Context Engineering

It is Tuesday afternoon. You open a new session and ask the agent to extend the feature you built Monday. It generates something that contradicts the architecture decision you made two days ago — the one you spent 40 minutes deliberating over in last Friday’s planning session.

The agent is not stupid. It never saw that decision. Your context window expired.

That is context rot. And fixing it is not about writing better prompts — it is about engineering the information that reaches the model.

What context engineering actually is

Anthropic defines context engineering as curating the smallest possible set of high-signal tokens for each agent call. Not the most complete record of everything that ever happened. Not a wall of documentation preloaded at session start. The minimum set needed to do the next unit of work correctly.

This matters because every frontier model degrades as the window fills. Chroma’s research confirmed it across models: quality drops measurably as context grows, well before you hit the token ceiling. More tokens do not mean better answers — past a certain point they mean worse ones.

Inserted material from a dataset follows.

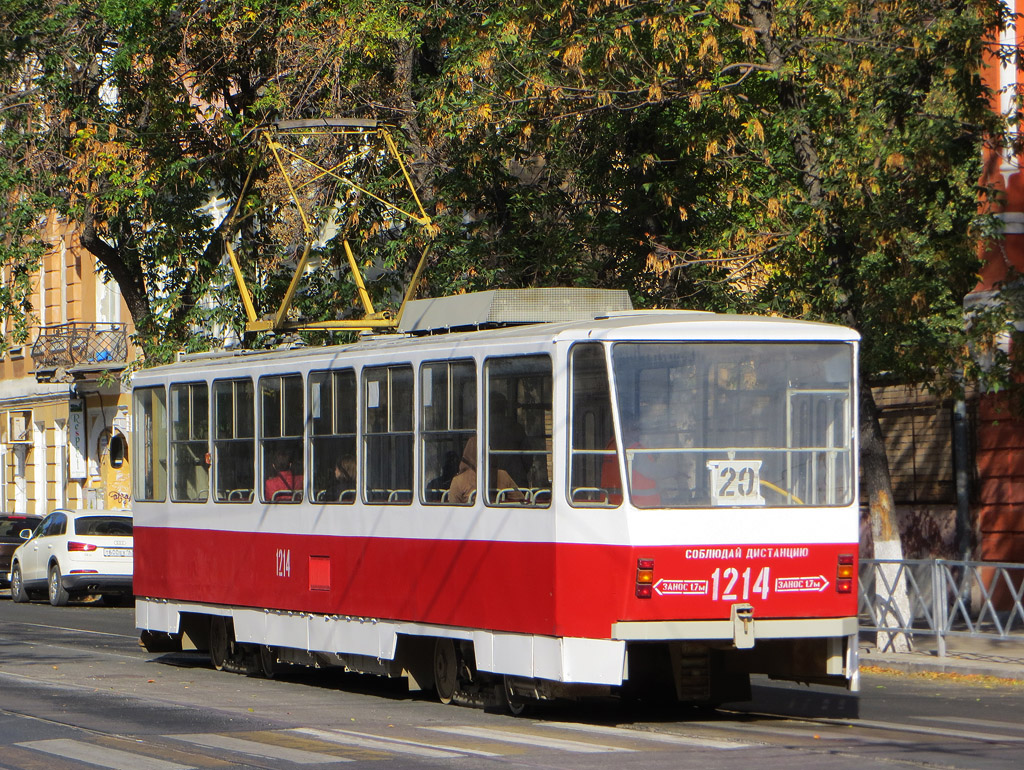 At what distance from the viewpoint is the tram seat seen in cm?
1183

The practical corollary: a focused 30K-token session will outperform a bloated 200K one on the same task.

The Vibe Coding Reference already covers the 60-70% effective-context rule and the /clear vs /compact decision table — bookmark that cheat-sheet and come back to it. This lesson explains why degradation happens and goes deeper on the four levers that prevent it.

The four levers

1. Compaction

When a session accumulates dead weight — failed approaches, long error traces, exploratory tangents — compaction distills the thread into a summary the model can reason from efficiently.

/compact

Run it at natural boundaries: after a feature lands and is committed, before shifting to a different area of the codebase, when you notice the model starting to contradict itself. The goal is to compact after work is safe in git — compaction is lossy by design, and the commits are your real record.

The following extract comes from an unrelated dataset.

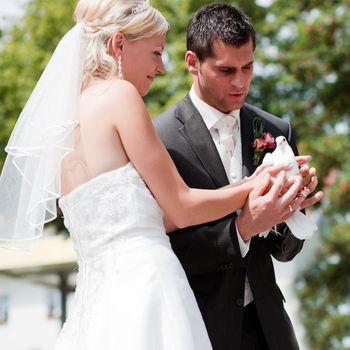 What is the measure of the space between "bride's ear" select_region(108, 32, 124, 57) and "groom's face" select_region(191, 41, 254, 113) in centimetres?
73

Claude Code’s auto-compact triggers near the window limit. Getting ahead of it manually keeps you in control of what gets preserved.

2. Just-in-time retrieval

Preloading every file that might be relevant at session start is a tax you pay in tokens up front, on things the agent may never use.

Instead, reference files only when the agent actually needs them:

@src/services/billing.ts -- add a refund method following the existing patterns in this file

The @-reference pulls the file into context precisely when the agent needs it, then it can be compacted or cleared on the next boundary. This is especially valuable in large repos: let the agent navigate to what it needs rather than flooding it with your entire src/ tree.

3. Structured note-taking

For work that spans multiple sessions, the agent’s in-memory state is useless the moment you close the terminal. What persists is what you wrote down.

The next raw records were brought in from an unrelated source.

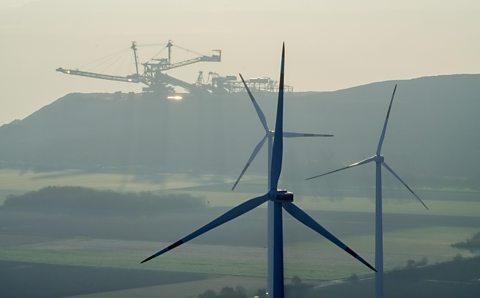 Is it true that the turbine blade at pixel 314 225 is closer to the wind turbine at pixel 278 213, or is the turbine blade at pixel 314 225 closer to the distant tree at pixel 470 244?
the wind turbine at pixel 278 213

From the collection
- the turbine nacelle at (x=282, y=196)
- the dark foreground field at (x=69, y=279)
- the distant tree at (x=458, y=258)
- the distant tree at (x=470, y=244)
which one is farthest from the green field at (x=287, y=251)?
the turbine nacelle at (x=282, y=196)

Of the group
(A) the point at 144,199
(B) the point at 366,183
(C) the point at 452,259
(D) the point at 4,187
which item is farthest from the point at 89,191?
(C) the point at 452,259

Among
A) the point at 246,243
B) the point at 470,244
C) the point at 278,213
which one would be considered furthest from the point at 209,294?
the point at 278,213

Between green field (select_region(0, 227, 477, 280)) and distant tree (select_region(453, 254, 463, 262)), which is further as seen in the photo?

Before you compact or end a session, tell the agent to record what it learned:

Before we compact: summarize the three decisions we made today about
the data model, and append them to CLAUDE.md under ## Session Notes.

This gives you a persistent, human-readable audit trail that the agent re-reads on the next open. Plan files work the same way — a spec the agent references at the start of each session beats re-explaining your architecture from scratch every morning. (More on spec-driven workflows in Lesson 7: Spec-Driven Development.)

Claude Code also maintains a per-project auto-memory (a MEMORY.md index plus topic files) that persists across sessions. Run /memory to inspect and edit it.

4. Isolation via subagents

Sometimes the best way to protect your main context window is to not use it at all for a subtask.

Delegate exploratory research, dependency audits, or large-file analysis to a subagent. Its dead-ends, verbose output, and half-formed conclusions stay in its own window — your main session only sees the distilled result. This is covered in depth in Lesson 5: Subagents and Orchestration.

Memory files that actually work

The four levers above assume the agent has a baseline to work from. That baseline is your memory file. Here is what separates one that constrains behavior from one that evaporates.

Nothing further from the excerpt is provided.